Extrait du livre LAMIA – des éditions de l’HOMME, de THYRAUD de
VOSJOLI Philippe
, agent du SDECE.


On avait l'habitude, à Paris, de résoudre par l'assassinat les difficultés politiques; comme cela fut, une fois de plus, démontré par le plan machiavélique préparé à la fin de 1962 pour se débarrasser d'Enrico Mattei.

Peu de personnes ont eu dans leur vie plus de succès ou se sont fait plus
d'ennemis qu'Enrico Mattei, président de l'ENI (Ente Nazionale
Idrocarburi), l'Institut National Italien des Hydrocarbures.

Né en 1906, il était le fils d'un agent de police italien. Son père n'ayant pas les moyens de subvenir à l'éducation de ses enfants, le jeune Enrico fut obligé d'aller travailler à l'âge de quatorze ans.

Son premier métier fut celui de peintre dans une fabrique de lits de fer. Plus tard, l'ambitieux Mattei fut engagé comme garçon de courses dans une tannerie et, en quelques années, devint directeur de la firme. Mais cela ne suffisait pas à son énergie débordante. A vingt-cinq ans, il démissionna et se spécialisa, à Milan, dans la vente de produits chimiques. En 1936, il décida de s'installer à son compte et il fonda sa propre entreprise pour la fabrication de produits chimiques, où il employait de nombreux ouvriers.

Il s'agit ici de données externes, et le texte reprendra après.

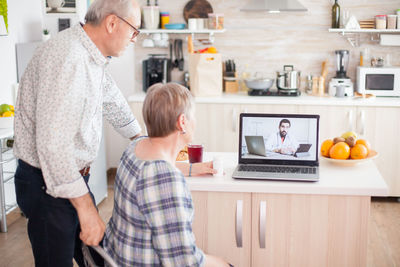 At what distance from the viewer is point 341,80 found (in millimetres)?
4520

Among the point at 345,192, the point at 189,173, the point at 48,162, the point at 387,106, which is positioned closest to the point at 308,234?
the point at 345,192

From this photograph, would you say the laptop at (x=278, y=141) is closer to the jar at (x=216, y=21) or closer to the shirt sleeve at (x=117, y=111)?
the shirt sleeve at (x=117, y=111)

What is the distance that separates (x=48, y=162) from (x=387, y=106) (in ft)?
10.7

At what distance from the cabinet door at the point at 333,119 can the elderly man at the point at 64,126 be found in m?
2.71

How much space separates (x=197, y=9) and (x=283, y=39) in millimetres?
851

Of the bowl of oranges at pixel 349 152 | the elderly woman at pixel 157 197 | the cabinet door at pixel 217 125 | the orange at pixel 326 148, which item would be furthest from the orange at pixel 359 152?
the cabinet door at pixel 217 125

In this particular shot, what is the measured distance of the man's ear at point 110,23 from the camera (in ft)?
5.73

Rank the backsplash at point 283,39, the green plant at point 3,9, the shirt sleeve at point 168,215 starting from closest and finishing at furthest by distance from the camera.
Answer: the shirt sleeve at point 168,215 → the green plant at point 3,9 → the backsplash at point 283,39

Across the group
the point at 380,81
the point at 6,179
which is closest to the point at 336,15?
the point at 380,81

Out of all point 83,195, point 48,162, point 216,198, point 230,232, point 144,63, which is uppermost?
point 144,63

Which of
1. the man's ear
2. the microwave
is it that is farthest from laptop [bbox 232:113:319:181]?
the microwave

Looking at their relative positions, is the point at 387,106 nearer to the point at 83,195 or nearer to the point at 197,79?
the point at 197,79

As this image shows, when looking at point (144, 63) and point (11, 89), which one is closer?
point (11, 89)

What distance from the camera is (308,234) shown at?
2.19 m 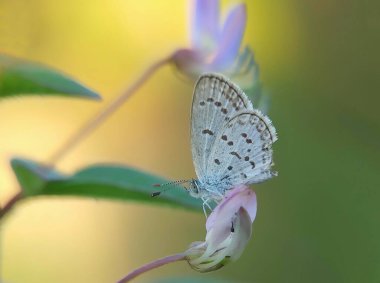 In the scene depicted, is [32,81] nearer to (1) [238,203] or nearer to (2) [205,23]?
(1) [238,203]

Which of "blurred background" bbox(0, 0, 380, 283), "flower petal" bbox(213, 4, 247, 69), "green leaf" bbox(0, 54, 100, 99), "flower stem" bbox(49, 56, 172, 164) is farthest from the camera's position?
"blurred background" bbox(0, 0, 380, 283)

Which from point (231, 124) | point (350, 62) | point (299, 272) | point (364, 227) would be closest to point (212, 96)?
point (231, 124)

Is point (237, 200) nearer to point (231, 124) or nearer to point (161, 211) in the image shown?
point (231, 124)

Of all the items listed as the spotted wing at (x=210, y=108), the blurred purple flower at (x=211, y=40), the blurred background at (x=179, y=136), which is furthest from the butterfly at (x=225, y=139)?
the blurred background at (x=179, y=136)

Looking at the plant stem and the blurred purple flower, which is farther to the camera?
the blurred purple flower

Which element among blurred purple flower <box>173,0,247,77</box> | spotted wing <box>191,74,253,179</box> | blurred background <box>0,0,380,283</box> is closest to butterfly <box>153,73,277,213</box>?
spotted wing <box>191,74,253,179</box>

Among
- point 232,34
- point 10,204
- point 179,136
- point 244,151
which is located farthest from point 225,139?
point 179,136

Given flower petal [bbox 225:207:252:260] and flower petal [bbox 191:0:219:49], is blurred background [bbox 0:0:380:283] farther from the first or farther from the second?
flower petal [bbox 225:207:252:260]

Au moment de l'entrée en guerre de l'Italie, en 1940, les affaires de Mattei étaient florissantes; mais les hostilités en compromirent bientôt le développement.

Dégoûté par les fascistes, il entra dans la clandestinité et dirigea un important réseau de partisans en Italie du Nord. A la tête de ses hommes, il combattit les Allemands et les partisans de Mussolini.

De ce fait, après la guerre, Mattei devint un des leaders de la démocratie chrétienne et ses compagnons d'armes formèrent le gouvernement italien après l'armistice.

On demanda alors à Mattei de liquider l'AGIP (Agence Italienne du
Pétrole), une création de Mussolini.

Pendant plus de quinze ans, cette compagnie avait gaspillé des sommes énormes à chercher du pétrole dans le sous-sol de la péninsule. Le pays était appauvri et l'on était convaincu qu'aucune prospection effectuée sur le sol italien ne donnerait de résultats.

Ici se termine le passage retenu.